Within six months after Dirigo Solar was founded in 2015, it was awarded a long-term contract from the Public Utilities Commission to develop and sell solar power at 3.4 cents per kilowatt hour.

 

That compares with the cost of approximately 7 cents per kilowatt hour paid by residential customers in Maine to power distributors like Versant and Central Maine Power.

 

“We started the company when it became evident to us that the economics of solar finally made sense for the state of Maine,” said Mazuroski, a Portland native and Bates College graduate. “The decline in technology costs, a federal tax credit and the energy market conditions of New England finally made solar look compelling in the state.”

 

BNRG Renewables and Dirigo Solar have 10 projects under way or scheduled for construction in eight Maine communities.
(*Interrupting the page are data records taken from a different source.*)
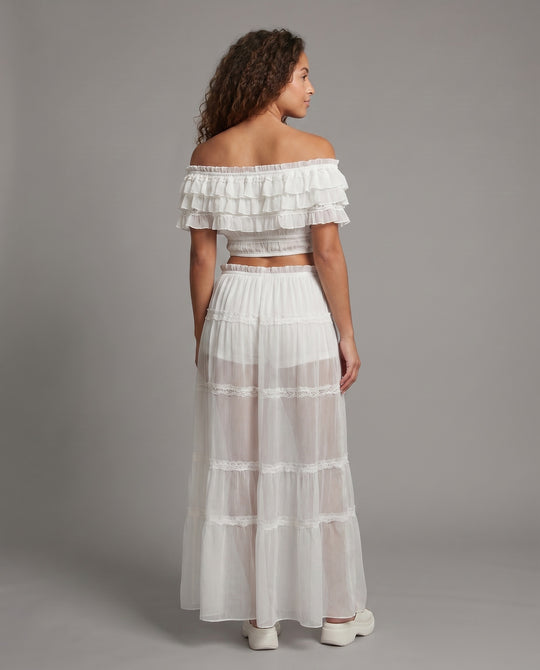 Product 15601207837002 - back_view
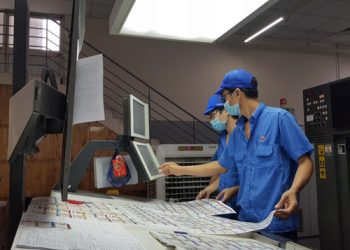 6-tinanht6-16328333013131457105847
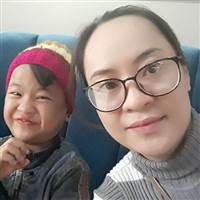 Tuyền Trần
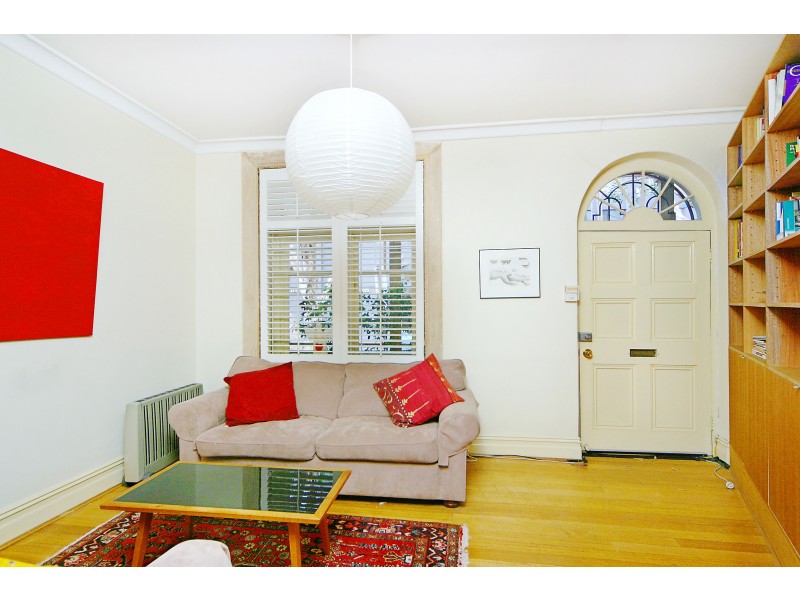 14 Francis Street, Darlinghurst NSW 2010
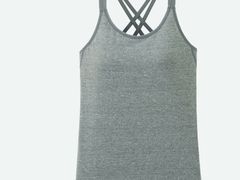 -优衣库(红谷滩万达店)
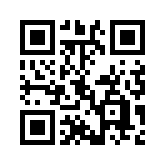 QR-Code https://ppt.cc/3hvj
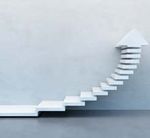 Effective Writing for Health Care - A Program for Clinicians, Clinical Investigators and Researchers - Postgraduate Medical ...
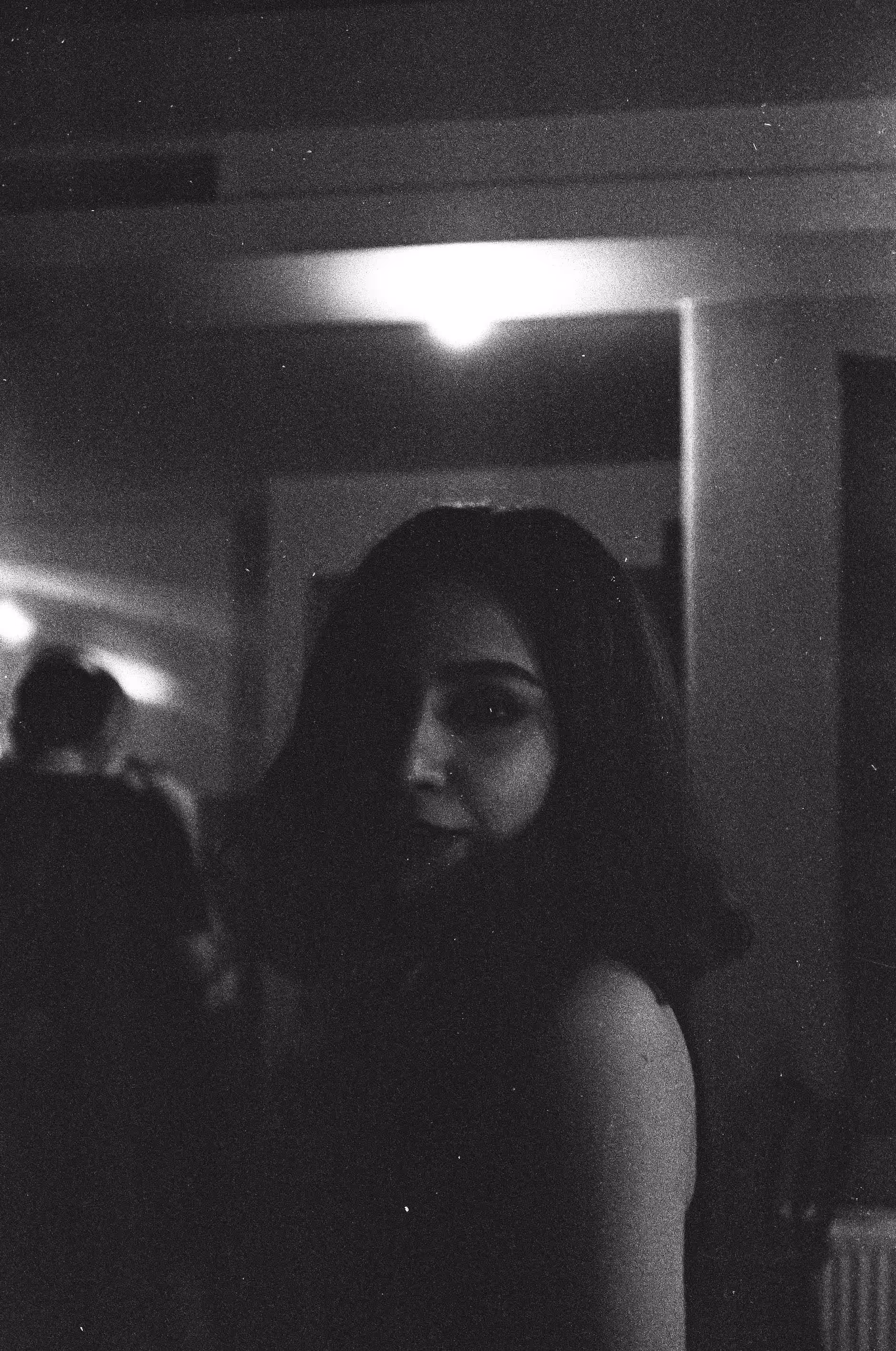 M A H Y A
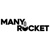 Many Rocket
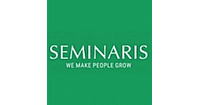 Seminaris Hotel- und Kongressstätten Betriebsges. m.b.H. Seminaris Hotel
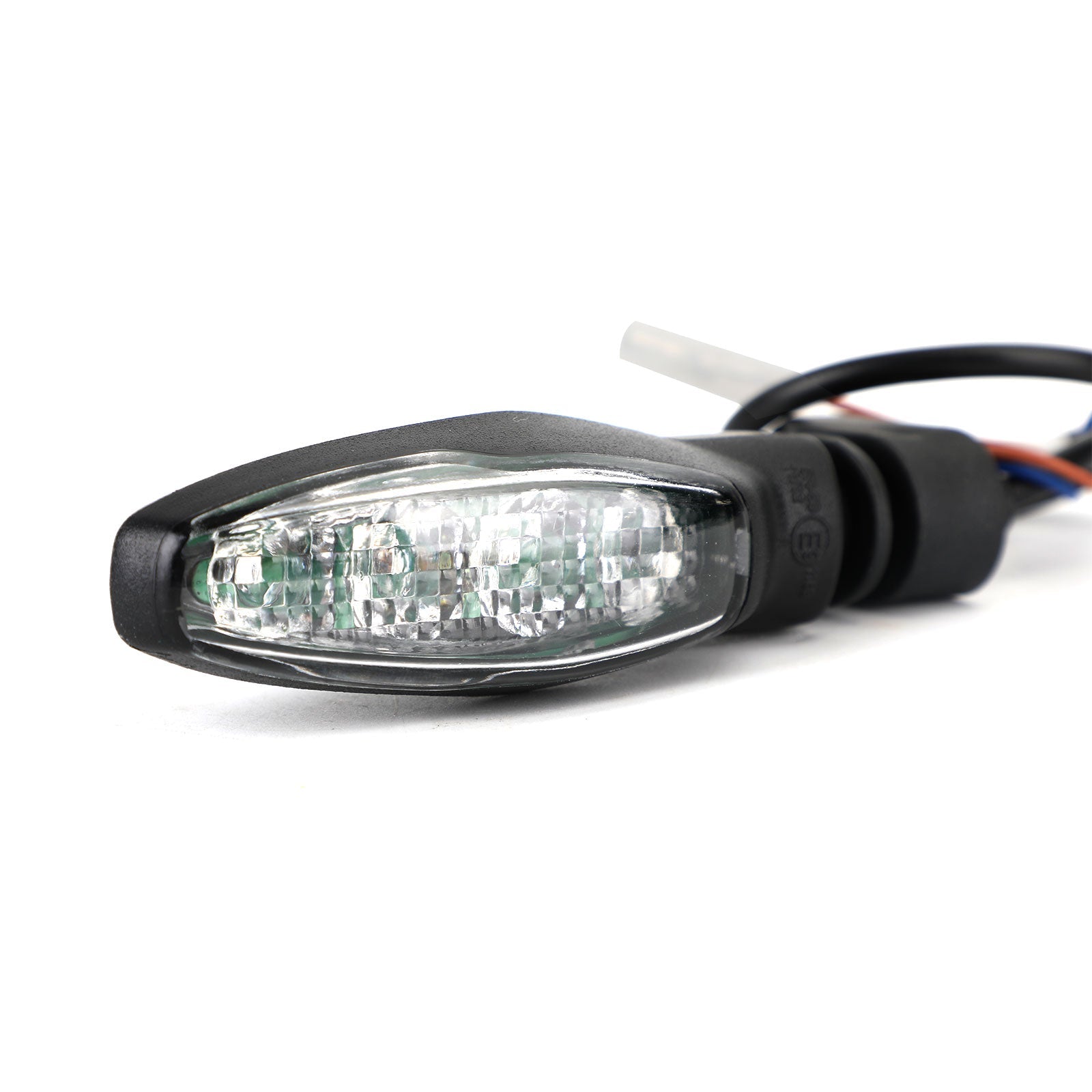 2020 TRIUMPH Tiger 900 Motorcycle Turn Indicator Signal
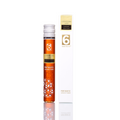 Liqueur de Noix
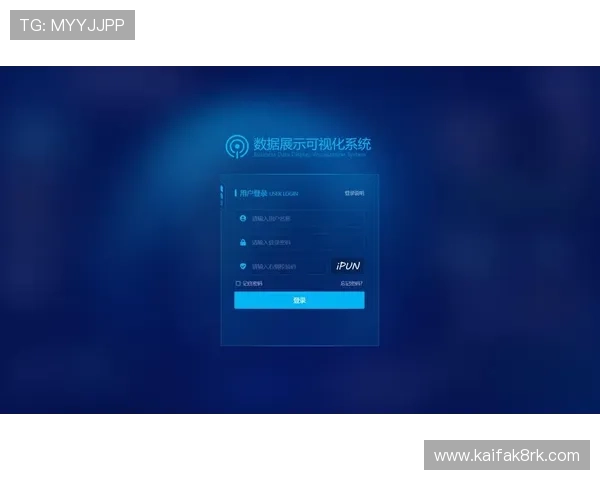 凯发网娱乐会员登录入口官网平台登录安全性提升及用户体验优化措施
Auburn and Hancock will have two sites each, with Augusta, Fairfield, Milo, Oxford, Palmyra and Winslow as the other host communities.

 

“The PUC when they awarded us the contract said the entire portfolio should save Maine ratepayers more than $25 million over a 20-year term,” Mazuroski said. “I think we’ll do that a lot sooner.”

 

A $26 million investment is planned in the Milo solar farm, which is expected to produce 26.4 megawatts of direct current that ultimately will be transformed into 20 megawatts of alternating current to be sold to consumers.

 

Approximately 170 workers are expected to be involved in the construction process.

 

“Milo was one of the first projects that came to us,” Mazuroski said. “We had learned about the opportunity with the land at the business park early in our development process, engaged really closely with the town, shared with them the contract we had been awarded and the economics of solar and what that looked like to a landowner.

 

“The town was incredibly supportive.”

 

The developers soon entered an option to lease a little more than 60 acres of town land and approximately 50 acres from an abutting landowner, Mazuroski said.

 

Subsequent preliminary work involved acquiring required permits and applying to ISO-New England for the right to connect the project to the electrical grid, which was approved late last year.

 

Since then the developers and the town have entered into a formal lease for the industrial park land, and installation work is under way on a racking system to hold the solar panels.

 

“We’re happy to see it started,” Hamlin said. “They’ve got a lot of money tied up so they’re not going to waste any time getting it online, that’s for sure.”

 

Of considerable importance to the company is the ability to site its solar arrays near the electrical grid — and that distance from Milo’s industrial park is less than one mile.

 

“What made this really attractive was the grid infrastructure — the three-phase line that goes by the site and a substation being in close proximity and it being a substation that could take 20 megawatts of solar,” Mazuroski said.

 

The power produced from the farm is then sold to Versant and that lowers the amount of electricity that Versant has to go to market for each year.

 

“It’s going to directly benefit Maine homeowners, ratepayers, anyone that uses the standard-offer program in the state,” Mazuroski said.

 

The flat, open field where the solar farm will be located provides clear access to the available sunlight at its location, which is 45.23 degrees north latitude, or near the midpoint between the Equator and North Pole.

 

“To be up here with a clear blue sky from January through April is pretty good for them,” Hamlin said. “We can generate a significant amount of power, more than you would think for this northern latitude.”

 

That’s because the use of fixed-tilt, bifacial solar panels will enable the solar farm to generate electricity from both the front and back of each panel — even during the winter.

 

Mazuroski said the bifacial panels result in a boost of 10 to 30 percent of solar energy because the sun reflects off the snow and generates electricity from the back side of the panel.

 

The tops of the solar panels will be no more than 8 feet off the ground.

 

“Solar is low to the ground so you can’t see it, and there’s no moving parts,” Mazuroski said. “You put up a vegetative buffer and then you really can’t see it because a basketball hoop is taller [than the panels].

 

“And it doesn’t make any noise or emit anything, so it’s really a win-win.”